Das Verwaltungsgericht Wiesbaden hat das Bundeskriminalamt (BKA) mittlerweile aufgefordert (PDF-Datei), unverzüglich "eindeutige eidesstattliche Versicherungen" abzugeben, dass der zwischen dem BKA und dem Zugangsanbieter Arcor/Vodafone geschlossene Sperrvertrag bislang nicht umgesetzt worden sei und eine Übermittlung der geplanten Filterliste nur nach Inkrafttreten des Gesetzes erfolge. Andernfalls müsse ein Eilverfahren gegen das BKA fortgeführt und die Frage der Nichtigkeit des Vertrags geklärt werden. Angegriffen hatte die Vereinbarung ein Arcor-Kunde, der auch als Webhoster tätig ist.

Die Anwältin des Klägers, Eva Dworschak aus Bremen, kündigte ferner an, gegen Bescheide des Oberlandgerichts Frankfurt in einem zivilrechtlichen Parallelverfahren gegen Arcor direkt Verfassungsbeschwerde einzulegen. Die Berufungsinstanz hatte die Ablehnung eines Antrags auf einstweilige Verfügung gegen Arcor durch das Frankfurter Landgericht bestätigt.
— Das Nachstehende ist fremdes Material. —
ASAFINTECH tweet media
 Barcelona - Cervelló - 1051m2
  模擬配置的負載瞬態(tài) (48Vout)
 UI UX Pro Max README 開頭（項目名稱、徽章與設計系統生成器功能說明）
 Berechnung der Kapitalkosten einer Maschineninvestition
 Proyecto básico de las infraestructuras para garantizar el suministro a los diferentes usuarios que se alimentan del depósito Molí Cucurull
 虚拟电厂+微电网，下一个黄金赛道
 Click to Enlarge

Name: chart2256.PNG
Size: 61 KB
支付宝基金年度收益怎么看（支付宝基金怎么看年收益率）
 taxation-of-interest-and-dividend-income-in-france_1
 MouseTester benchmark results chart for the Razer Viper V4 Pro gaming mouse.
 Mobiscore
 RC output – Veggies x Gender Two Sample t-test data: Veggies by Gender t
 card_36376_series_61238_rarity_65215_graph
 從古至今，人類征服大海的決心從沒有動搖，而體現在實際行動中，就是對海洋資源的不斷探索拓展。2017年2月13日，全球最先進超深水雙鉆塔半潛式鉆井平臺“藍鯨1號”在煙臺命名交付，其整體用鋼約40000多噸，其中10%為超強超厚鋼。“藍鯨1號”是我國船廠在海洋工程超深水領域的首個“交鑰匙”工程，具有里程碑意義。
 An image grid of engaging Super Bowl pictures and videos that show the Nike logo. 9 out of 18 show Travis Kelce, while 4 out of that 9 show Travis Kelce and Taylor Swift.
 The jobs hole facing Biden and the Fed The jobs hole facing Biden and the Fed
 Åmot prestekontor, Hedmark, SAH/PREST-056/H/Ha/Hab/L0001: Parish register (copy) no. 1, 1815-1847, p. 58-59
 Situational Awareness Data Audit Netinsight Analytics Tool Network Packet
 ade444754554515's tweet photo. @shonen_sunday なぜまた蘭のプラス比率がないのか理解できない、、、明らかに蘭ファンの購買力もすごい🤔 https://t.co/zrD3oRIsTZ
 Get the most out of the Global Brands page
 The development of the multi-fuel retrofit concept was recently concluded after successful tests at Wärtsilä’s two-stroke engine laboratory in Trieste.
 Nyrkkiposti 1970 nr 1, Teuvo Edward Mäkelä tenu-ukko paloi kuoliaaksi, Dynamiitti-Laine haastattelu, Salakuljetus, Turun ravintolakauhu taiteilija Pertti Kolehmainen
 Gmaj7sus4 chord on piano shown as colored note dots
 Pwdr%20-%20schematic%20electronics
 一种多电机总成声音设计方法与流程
Demnach gibt es keinen Grund für ein Einschreiten gegen den Sperrvertrag. Für die Frankfurter Kammern sind die Blockaden nur gegen kinderpornographische Seiten gerichtet. Sie stellten für den Kläger zudem keine Gefahr da, weil sie nach dessen eigener Darstellung leicht zu umgehen seien.